ResultType main(Input inObj) {
    ResultType result;
    helper(0, vector<char>(), inObj, result);
    return result;
}

void helper(int index, vector<char>& builder, const Input& input, ResultType& result) {
    if (index == input.length()) {
        result.add(string(builder.begin(), builder.end()));
        return;
    }
    // selection take or don't take
    // we can also use a loop if we have more than 2 options
    builder[index] = 'something';
    helper(index + 1, builder, input, result);
    builder[index] = '\0';
    helper(index + 1, builder, input, result);
}

If you want to skip duplicates in the result, sort the candidates/input array and while generation the solution check the following candidates[i-1] != candidates[i] if elements are different and if they're same check if we have used the previous candidate in the current partial solution only then you can pick the current element.
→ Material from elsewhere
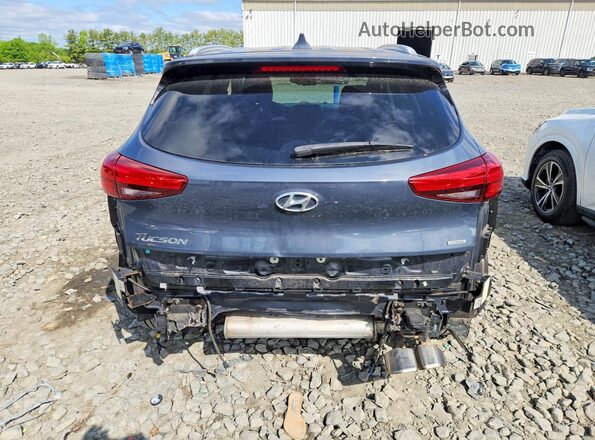 KM8J3CAL0KU030712 2019 HYUNDAI TUCSON Gray უკანა ხედი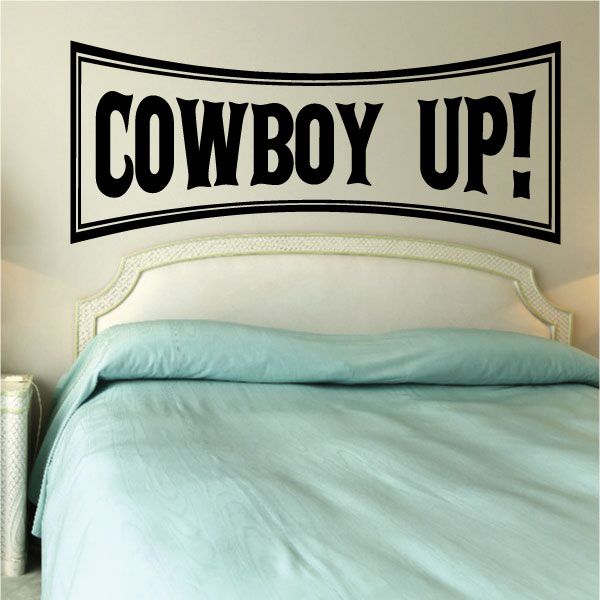 Wall quote vinyl decal: bold black “COWBOY UP!” in white-outlined frame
There are 3 different arrangement you should remember:

combinations choosing k elements out of n O(n!/((n-k)! * k!)) order is not importan in helper function we have for(int i = start; i <= n; ++i)
permutations choosing all elements in different order O(n!) (once element is selected you have n-1 options to choose the next n * (n-1) * (n-2) ... = n!) in helper function we have for(int i = 0; i < nums.length; ++i)
sets without loop pick or don't pick the element O(2^n) always remember binary represenation of number (110 can translate to first and second element being picked and third being omitted)

One important concept when it comes to backtracking is the concept of pruning the search. You can think of pruning just as escaping/saving the recursion calls early on based on some logic (solution out of boundary for example), determining early that partial solution cannnot converge the desired.